Minister of Economy, Development and Reconstruction
- In office 10 August 1983 – 2 April 1984
- President: Augusto Pinochet
- Preceded by: Manuel Martín Sáez
- Succeeded by: Modesto Collados

National Director of the National Statistics Institute
- In office 1982 – 10 August 1983
- President: Augusto Pinochet
- Preceded by: Sergio Chaparro Ruiz
- Succeeded by: Juan Crocco Ferrari

Personal details
- Born: 1937 Chile
- Died: 28 June 2020 (aged 82–83) Chile
- Party: Independent
- Children: 5
- Alma mater: University of Chile
- Profession: Commercial engineer

= Andrés Passicot =

Andrés Gabriel Passicot Callier (1937 – 28 June 2020) was a Chilean economist and political figure who served as Minister of Economy, Development and Reconstruction during the military government of General Augusto Pinochet between 1983 and 1984.

== Career ==
Passicot began his public service during the presidency of Jorge Alessandri in 1960, joining the Production Development Corporation (CORFO) at a time when the country was engaged in large-scale reconstruction following the devastating 1960 Valdivia earthquake.

He later worked at the National Planning Office (Odeplan), where he remained until the election of President Salvador Allende in 1970. After leaving the public sector, he dedicated himself to teaching economic policy and founded in 1974 the consulting firm **Géminis**, which provided advisory services to banks and financial institutions.
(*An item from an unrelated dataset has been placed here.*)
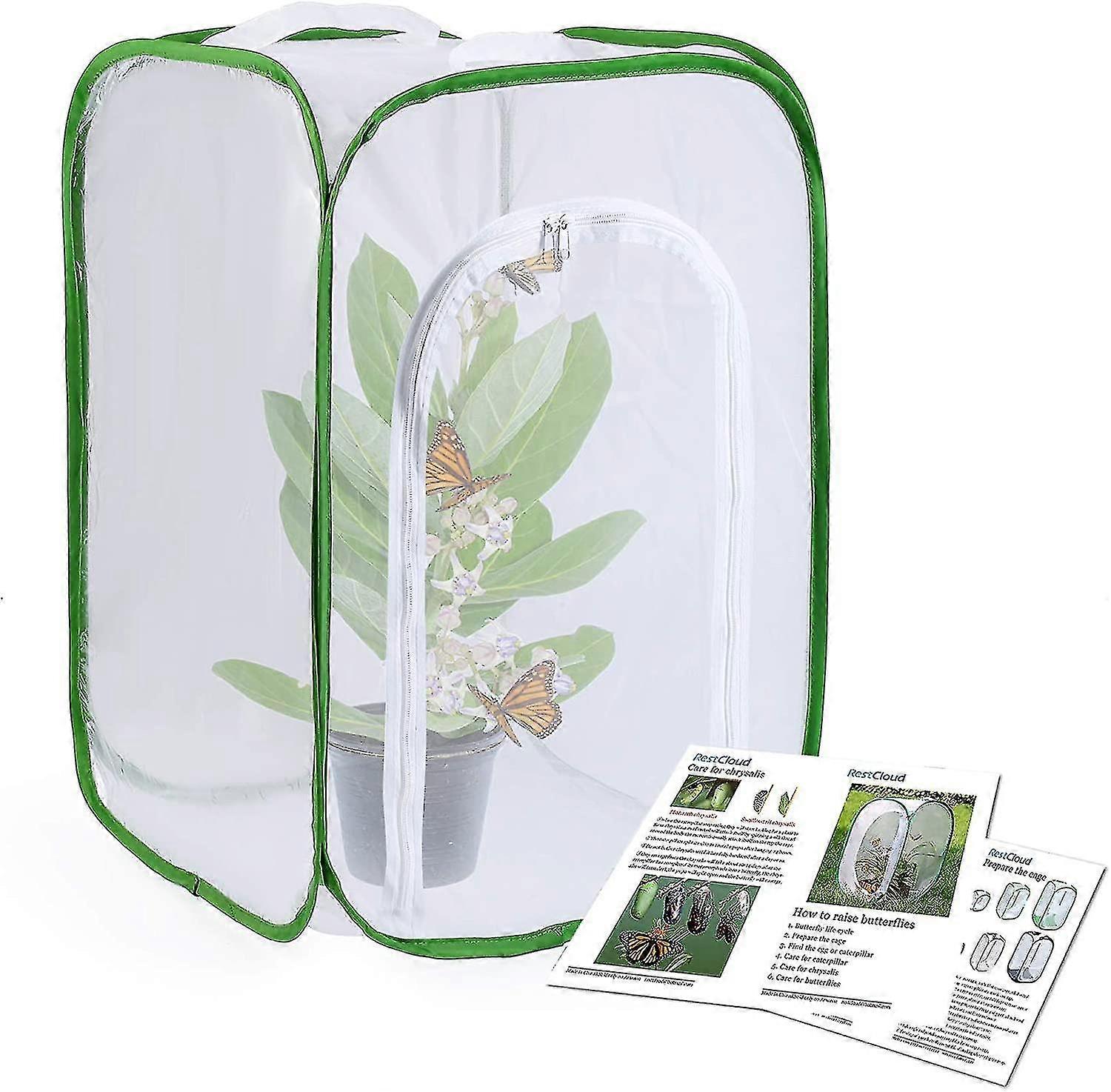 23.6" Large Butterfly Habitat Insect Cage Caterpillars Enclosure Pop-up 23.6 Inches Tall Drawbridge Opening Door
Passicot returned to government service under the Pinochet regime in 1982, when he was appointed National Director of the National Statistics Institute (INE). He held the position until 10 August 1983, when he was appointed Minister of Economy, Development and Reconstruction. He remained in that office until 2 April 1984.

In 1985 he was appointed Vice President of the State Bank of Chile, serving until 1988. Following the end of the military regime in 1990, Passicot returned to private-sector professional practice. He was married and had five children.

== Death ==
Andrés Passicot died on 28 June 2020 at the age of 82. His funeral rites took place at the Parish of Our Lady of the Rosary in Las Condes, after which his remains were cremated at the General Cemetery of Santiago.